I am going to do something different with this post.
It has always been about strategy and processes for the last two+ years.
Since the latest core update has been tremendous, I want to review how our projects, my website, and clients are doing.
We’ll review websites in different industries, including our businesses, affiliate websites, and client websites.
I will also tell you what I am planning for our future since I believe it’s time I leave the mickey mouse game to the juniors and step in the ring with the powerhouses of each industry.
Dates to consider
Google announced a core update on May 25th, 2022.
I believe they started the update before May and ended it in mid-June. I won’t get into conspiracy theories, as this is not what the post is about.
You can check the SERP volatility score on SEMrush to get a (somewhat) accurate reading of when and what was affected during the update.
A lot of people got hit (I got hit slightly). A few individuals on Twitter said they’re doing better, but not many.
I (like many others) believe this is an authority move where larger websites are taking up more and more real estate on SERPs versus the smaller kids on the block. It’s all anecdotal, and I don’t have proof, but it feels like this is the move Google is taking for its future.
Where I see movement
I work in several industries and can access quite a bit of data.
Our data lets me see what industries Google is shaking up on their index.
For the time being, I have access to industries such as:
- Big pharma
- Home improvement
Some of these industries break off into multiple niches.

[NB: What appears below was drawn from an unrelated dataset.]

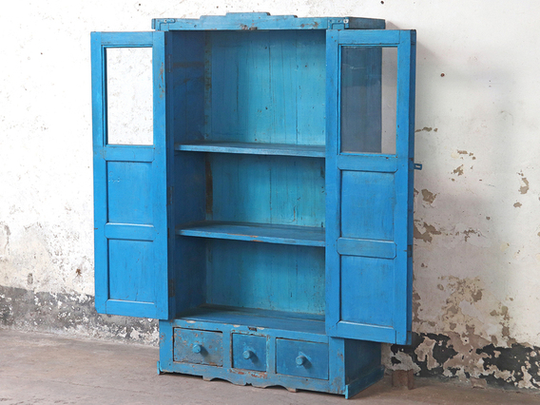 Large Blue Almira Blue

Keep in mind that most are actual businesses. Some are affiliate websites, and a couple are content websites for display advertising.
Our team has access to a perfect number of web assets to judge how an algorithm update behaves.
None of what I am going to mention in this post is scientific. I am simply sharing data and how we’re doing after one of the most significant Google algorithm updates.
Let’s talk stats & data
We own several web assets in the construction niche. These are real businesses dealing with real people.
We also own web assets in health, hospitality, and homecare.
The examples below are a mix of our top-grossing web assets.
It looks like not a lot happened with this website when we compare our data to the previous year other than steady growth.
Here’s another web asset that’s a real business. Again, nothing much to report other than steady growth.
We’ve updated the design on this website, so some data points have changed, but I don’t think it’s negative.
This website is interesting because it blew up during the pandemic but has come back to reality in 2022.
I don’t see a positive or negative correlation to the algorithm update.
Surprisingly, it’s our most profitable web asset.
Here’s a web asset in the hospitality niche.
This website did very well after the economy opened up in 2021. It has, since then, come back to reality in 2022.
I don’t see a positive or negative effect from the algorithm update.
The last example is an affiliate website, and it did get hit. Not by much, but it’s significant.
This website lost about 20% of its traffic. It’s still up and down, and I don’t think I’ll know the complete picture until July and August.
I am changing my game for this web asset by improving content, removing flawed pages/content, and getting better links.
I’ll stay the course for now. The only difference will be better content and authors.
So what happened
Every single website with a real business did okay, and I saw no changes in traffic or leads.
Our websites with affiliate content and display ads did get hit. All of them!
Luckily, the update didn’t crush my traffic or rankings. It was a nudge to improve our process.
To be honest with you, I was going to improve content strategy and hire better authors anyway.
This update just pushed my timeline to improve quality.
Where our company is headed
Before the May 25 update, our team had a serious sit-down to discuss content quality.
Our conversation included media, photography, written content, and landing pages.
So what are we planning on doing differently?
- We’ll find experts in each niche we work on and have them speak on our behalf. These are doctors, nurses, pharmacists, engineers, instructors, or professors. In some cases, they’re employees, and in other cases, they’re subcontractors.
- Each content piece will go through a process. The media team will story-board it with the copywriter, the engineer will help guide our approach and verify facts, the designer(s) will put visuals that will make more sense than photos, an editor finalizes content, and the developer will publish the content. The project manager ensures everything runs smoothly.
What we will no longer do:
- Hire general writers who regurgitate content from around the web.
- Having the project manager edit content.
- Publish content without our media. We don’t want to be “basic” any longer and have been doing very well with video, so we’ll continue doing what works.
I am not sure what to say.
It’s the same old game we’ve always been playing. Google releases a core update, and everyone panics.
I’ve been doing this for 20+ years and have never been hit with a penalty. I was shamed into thinking I am not an SEO if I haven’t been hit.
I dominate every sector I work in. I’ve generated more than $200 million for our companies (and clients) in the last 10+ years.
What do I think? I think content and affiliate websites got rocked this round.
Real businesses didn’t see much change; if they did, it’s negligible.
We’ll continue improving each day, week, month, and year—nothing to see here.